To me there are just too many unknowns at this current point in time.

The government need to take a long term view and develop a policy in relation to pensions because at present there is no certainty and how can you plan for 30 years time with so much up in the air?


----------



## marathonic (6 Nov 2012)

DerKaiser said:


> Unless you understand the underlying reason for the fall, you cannot make any inferences as to whether further investment is a good idea e.g. if the possibility eurozone breakup has caused your fund to fall 20%, then loading more money into the fund would be a successful strategy only if the fears of break-up subsided.


 

And that’s exactly where the problem lies. The timescale for investing for retirement should be the whole of ones working life - which could last 40+ years. There is likely to be many issues with the economy over that 40+ years and they’re almost impossible to predict. For that reason, you’re better to just contribute as much as possible for as long as possible and ignore the “background noise” which, over a 40+ year timescale, is likely to be what the stockmarket movement over the past few years is going to be seen as (I’ll be called out on this one too J).

Under current rules, a 20-year old could invest nothing, live their lifes and expect to retire at 68 (although this is likely to increase with increasing life expectancy).

The state pension, to me, is designed such that you work until old age means you are no longer able to do so and then you get a payment of enough to survive until death. Under auto-enrollment, the government will have more scope to reduce the payment levels of the state pension – because people can afford some of the costs of survival under the pension they’ve built up under the system.

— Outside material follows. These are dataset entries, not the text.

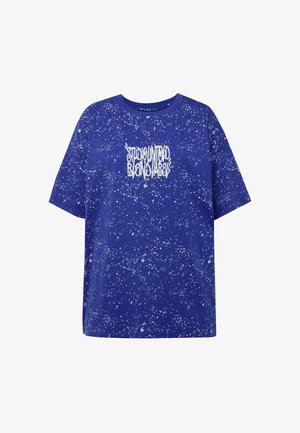 Studio Untold, UNISEX, niebieski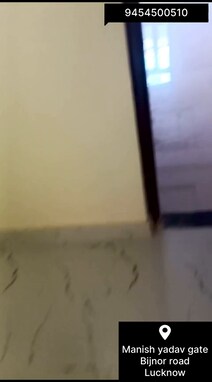 Ready to house in bijnor road ayodhapuri builder.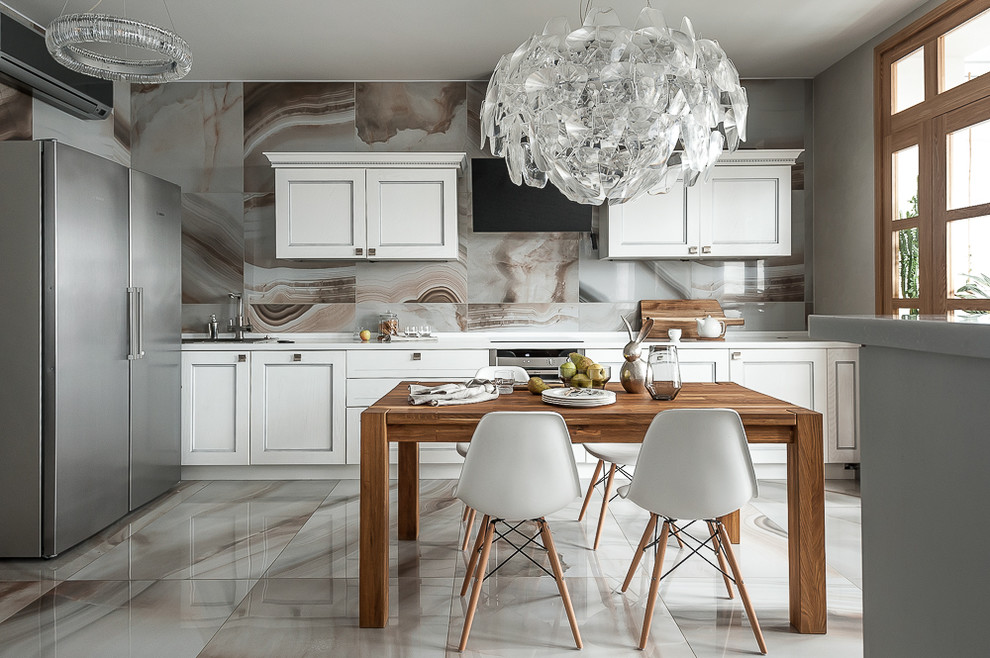 Жилой комплекс "Манхэттен"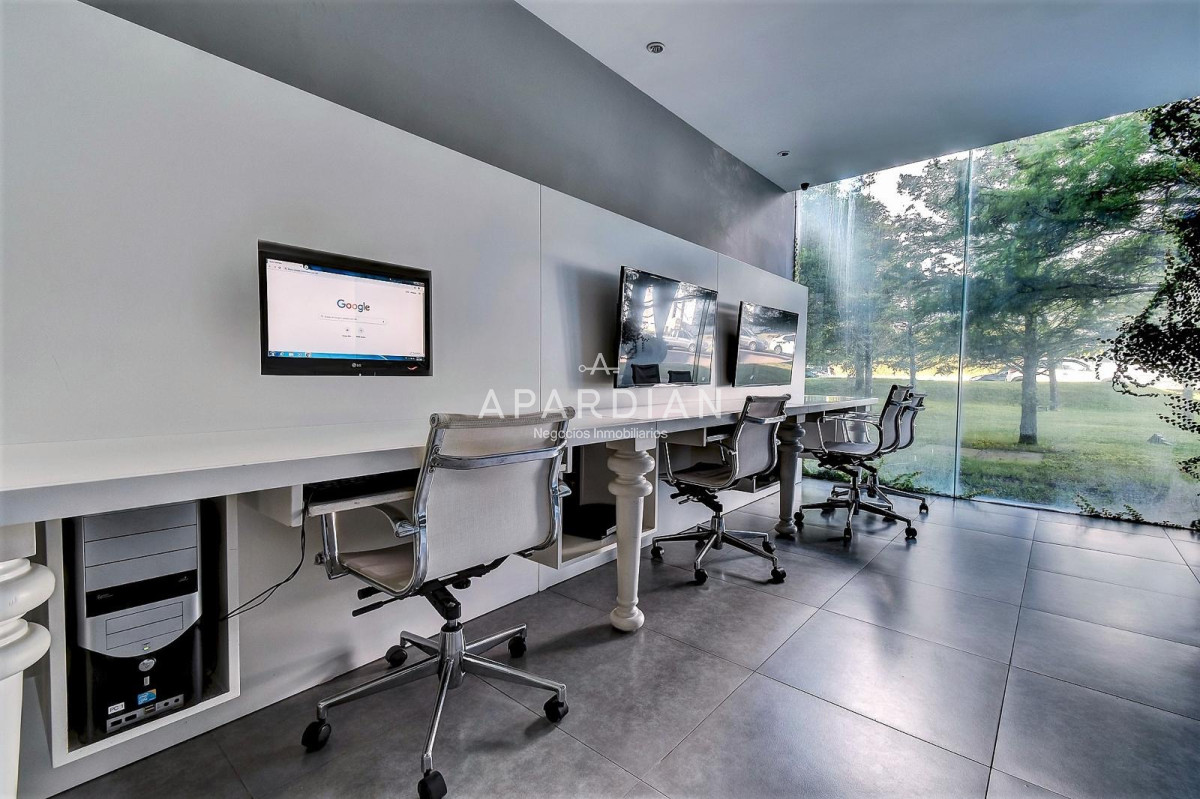 Apartamento ID.21098549 - Apartamento de 1 dormitorio en venta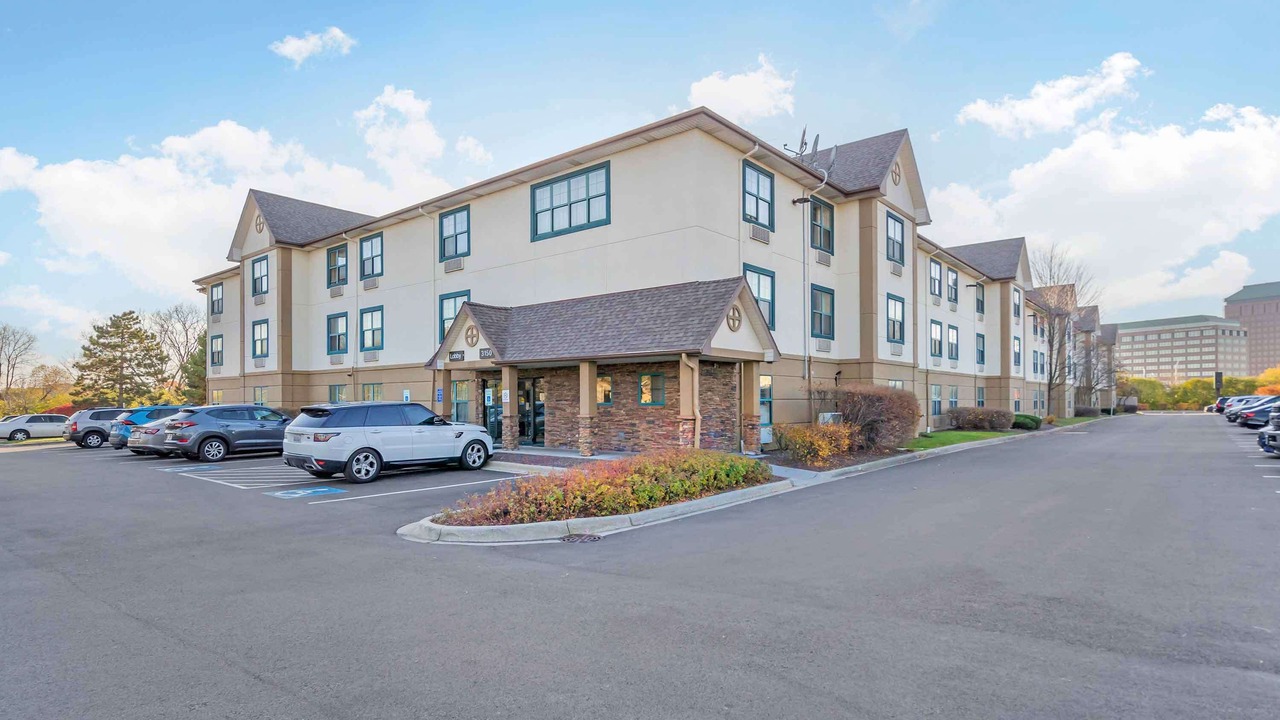 Photo of Outdoor in Downers Grove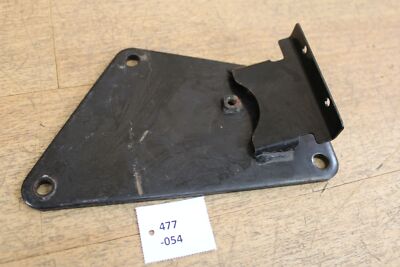 Yamaha XJ6 Diversion RJ19 09-16 Halter 477-054 | eBay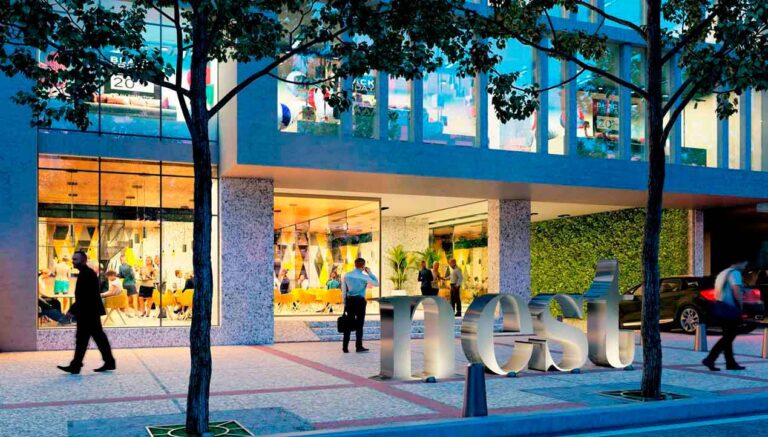 Excelente inversión en Oficina Torre Nest de 19.96M2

For this reason, at the age of 30, I’m assuming NO state pension will be available and planning accordingly. If it’s there, it’ll be a bonus for me. By contributing to a private pension, the retirement age can potentially be reduced, under current rules, from 68 to 50. That’s a lot more time available to spend with grandchildren J 

Of course, you could invest outside the pension but that’s outside the scope of this thread, offers no tax advantages and you’re more likely to dip into the investments over your working career.


----------



## mtk (6 Nov 2012)

Auto enrolment is in uk not Ireland marsthonic isn't it


----------



## marathonic (6 Nov 2012)

mtk said:


> Auto enrolment is in uk not Ireland marsthonic isn't it


 
Sorry, my mistake. 

I'm living in the Republic but working in Northern Ireland. I try to make my posts applicable to the Republic but slip up every now and again.

There are other UK specific things applicable to me, like Pension Salary Sacrifice, that I do not discuss on this forum as it is irrelevant.


----------



## orka (7 Nov 2012)

leroy67 said:


> tax reliefs are a huge incentive, hard to get a upfront 41% return on your monies anywhere.


The tax relief is not free money - it is deferred taxation.  And you can be doubly taxed - USC now and then tax and more USC when the pension is drawn down.  You need to consider your tax position now and in retirement before deciding that a pension is the best way to save for your retirement.  I personally am never putting another cent of my own money into a pension again (the pension contributions referred to above are from my employer and I'm going to ask for this to be paid to me as salary instead from next year).  Even on the current tax regime, there's not much incentive to invest in a pension.  Take away some or all of the tax-free lump sum, increase marginal tax rates, prolong the pension levy ~ and the incentives disappear completely and the pension will be a worse investment than saving net cash.  Pension are too tempting a target for the government - lots of locked away cash that the owners can do nothing about rescuing from the likes of the pension levy.  The tax-free lump sum has to be an easy target too - I can't see the 25% rate surviving until I retire.





marathonic said:


> if you are prone to changing contribution levels, you should be increasing them on the way down and decreasing them on the way up


If you could confidently predict the ups and downs of the market, I think you would be rich enough to not have to worry about pension savings...


----------



## marathonic (7 Nov 2012)

orka said:


> If you could confidently predict the ups and downs of the market, I think you would be rich enough to not have to worry about pension savings...


 
I think you're misunderstanding my, "if you are prone to changing contribution levels, you should be increasing them on the way down and decreasing them on the way up" quote. I'm not talking about changing contributions based upon future performance of the stockmarket. I'm talking about changing them based on recent, past performance of the stockmarket.



orka said:


> Even on the current tax regime, there's not much incentive to invest in a pension. Take away some or all of the tax-free lump sum, increase marginal tax rates, prolong the pension levy ~ and the incentives disappear completely and the pension will be a worse investment than saving net cash


 
That's a lot of things that need to happen before the incentives are gone - and does this, or any future, government want to disincenticise providing for our own retirement?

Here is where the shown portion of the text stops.